How this AWS Aurora pricing calculator works
Aurora pricing can look simple at first glance, but real monthly cost depends on more than instance size. This calculator combines the most common bill components into one estimate so you can model workload changes quickly.
- Compute cost (provisioned instances or Serverless v2 ACU-hours)
- Storage cost (GB-month)
- I/O request cost (for Aurora Standard)
- Backup storage over allowance
- Data transfer out
Monthly formula used
Total monthly cost = Compute + Storage + I/O + Backup + Data transfer
Compute
For provisioned clusters, compute is the number of instances multiplied by hours and hourly rate. For Serverless v2, compute is ACU-hours multiplied by ACU rate.
Storage
Aurora storage scales automatically with your data volume. Estimate by multiplying average GB consumed over the month by the storage price per GB-month.
I/O
In Aurora Standard mode, read/write I/O requests are billed. In Aurora I/O-Optimized mode, this line item is typically removed, which can be better for I/O-heavy workloads.
Backup
Aurora generally includes backup storage up to the size of your active database storage. The calculator can automatically apply that rule and only bill the excess.
Data transfer
Transfer out to the internet and some cross-service paths can add cost. Internal traffic patterns vary by architecture, so treat this as a configurable estimate.
Provisioned vs Serverless v2: when each makes sense
Provisioned Aurora
- Predictable baseline usage
- Long-running production workloads
- Easier to model fixed monthly compute spend
Aurora Serverless v2
- Variable traffic and unpredictable spikes
- Need for automatic scaling without managing instance classes
- Useful for dev/test, SaaS tenants, and bursty workloads
Practical tips to reduce Aurora cost
- Right-size compute: monitor CPU, memory, and connection saturation before scaling up.
- Evaluate I/O-Optimized: if I/O spend is high, this mode can lower overall cost.
- Trim backup retention: keep retention aligned with compliance and RPO needs.
- Archive cold data: move infrequently queried records to lower-cost storage patterns.
- Optimize query plans: better indexing and query shape can reduce I/O dramatically.

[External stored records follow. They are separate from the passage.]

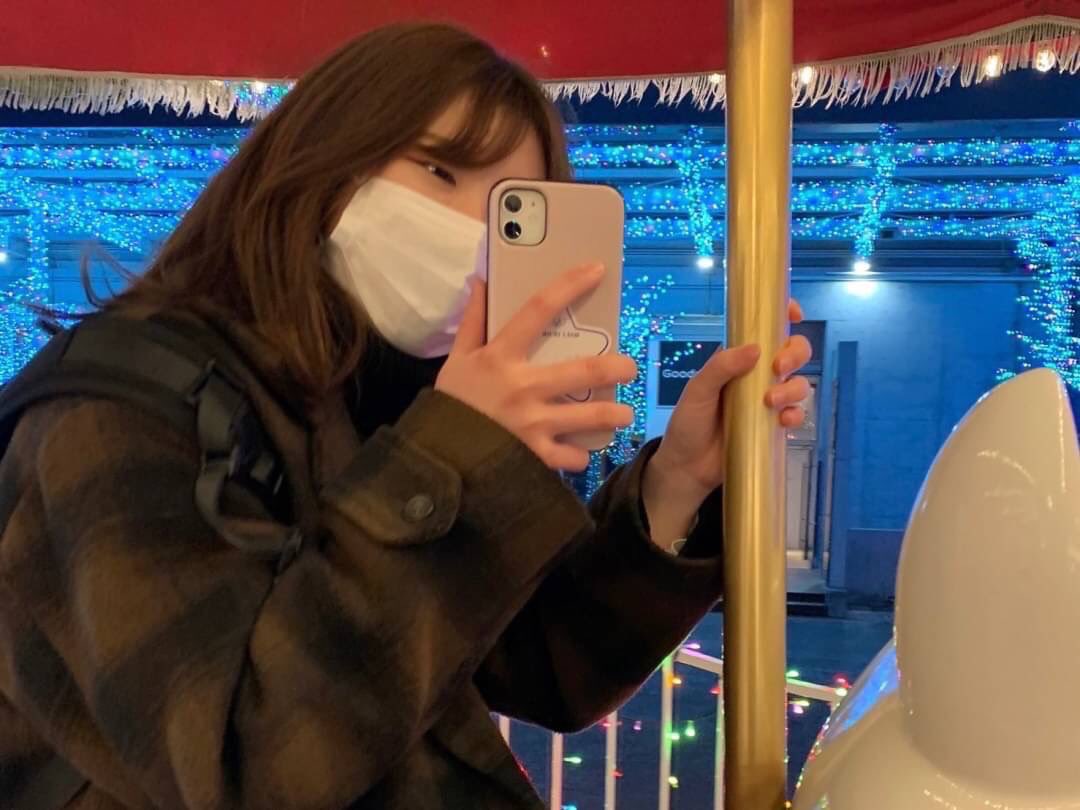 ゼミ生紹介⑤ありさ
ピューロランド年パス所有者！きらきら笑顔のありさ😆

研究内容:株式会社サンリオからみる、アフターコロナのテーマパークのあり方

個人研究ではありますが、ゼミ生や先生と日々ディスカッションしながら進めていくので、広い視野で物事を考えられるようになります！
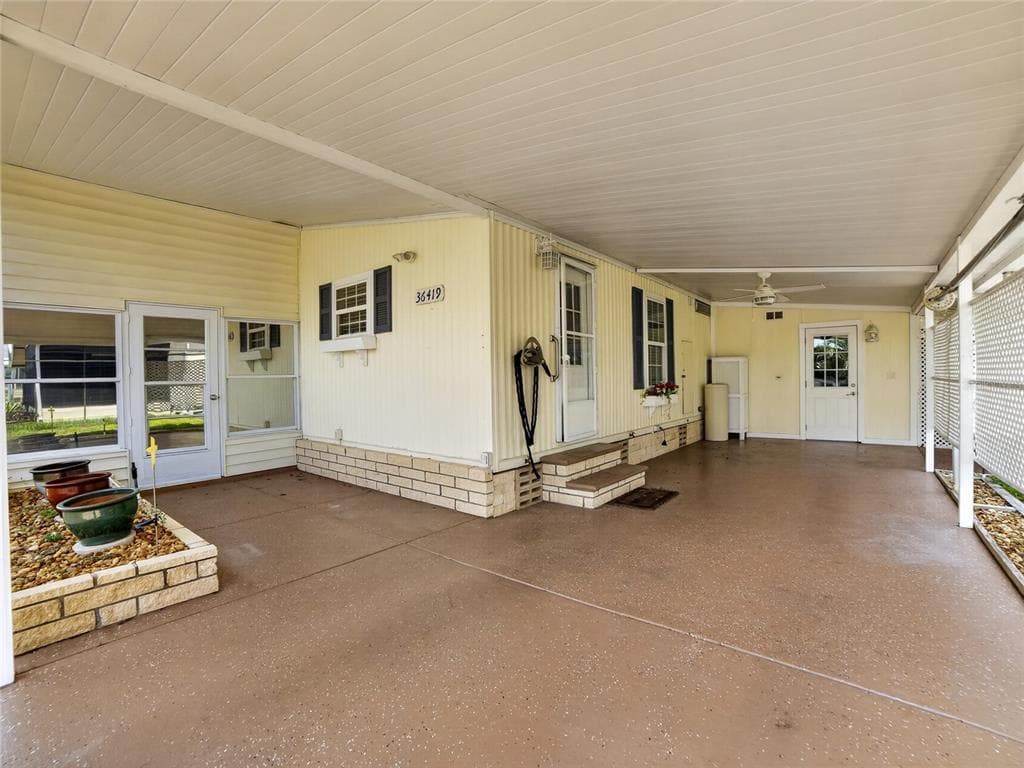 36419 BONNEY DRIVE, ZEPHYRHILLS, FL 33541 — zdjęcie 4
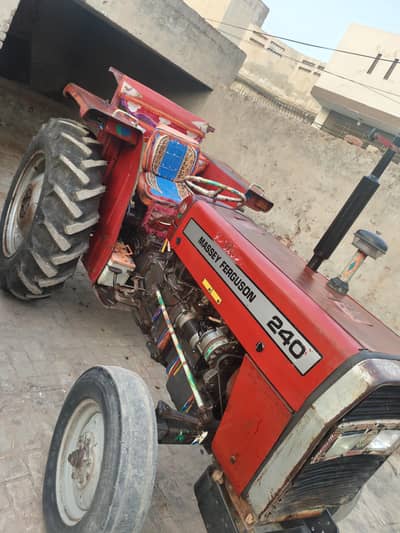 Massey Ferguson 240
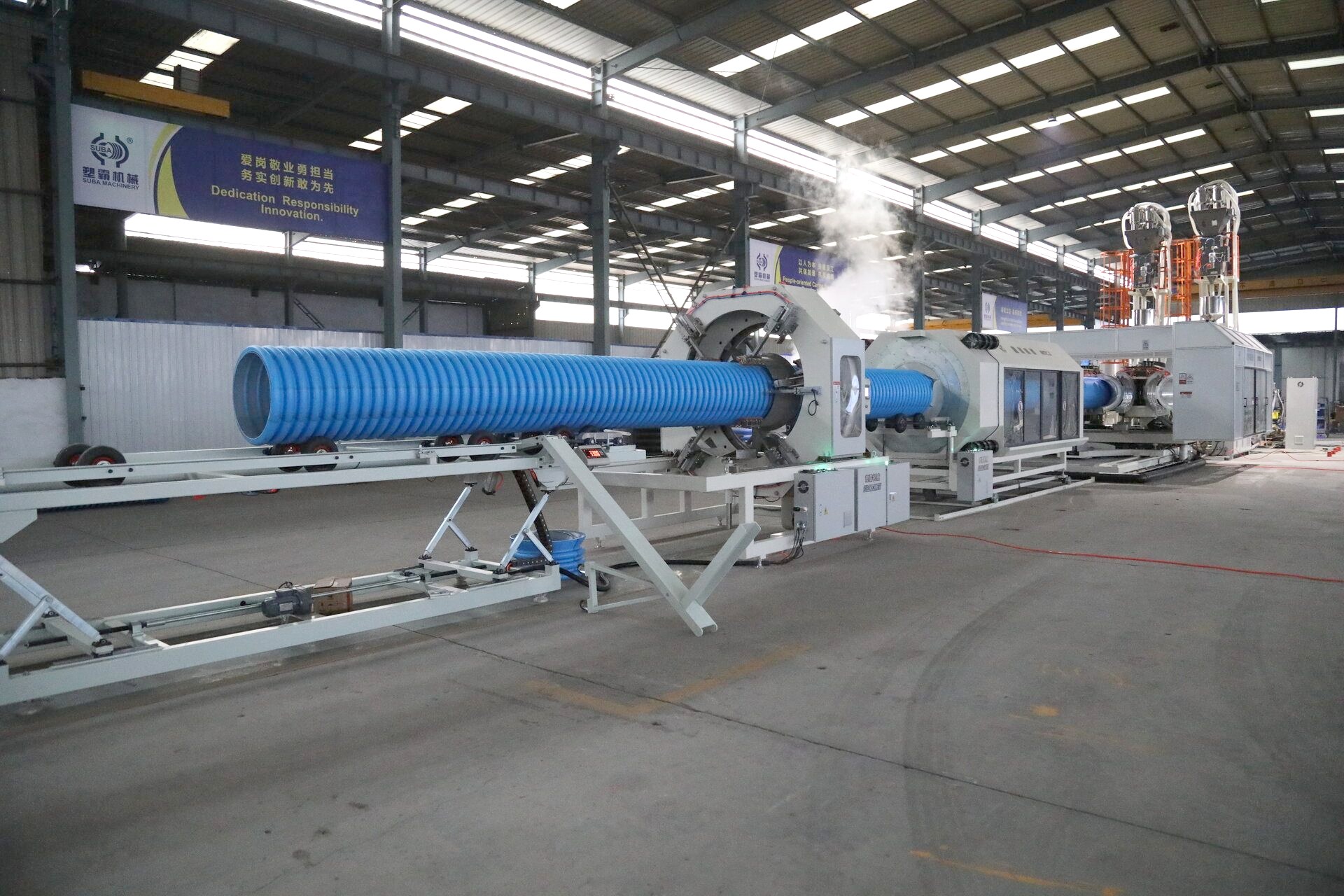 Ligne d'extrusion de tubes annelés SL1200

- Track transfer paths: architecture changes can quietly increase egress fees.
Example planning workflow
Start with your current month’s observed usage: average storage, instance-hours (or ACU-hours), I/O requests, and backup usage. Enter those into the calculator to get your baseline. Then copy the values and test scenarios:
- +30% traffic growth quarter-over-quarter
- Switching from Standard to I/O-Optimized
- Moving from provisioned to Serverless for spiky workloads
- Shorter backup retention policy
Comparing these scenarios side by side gives finance and engineering a common language for capacity planning.
Important notes
- Actual rates vary by AWS region and Aurora engine/version.
- Reserved pricing, Savings Plans, and enterprise discounts are not included here.
- This page is an educational tool and not affiliated with AWS billing systems.
For production budgeting, verify all inputs against the official AWS Aurora pricing documentation.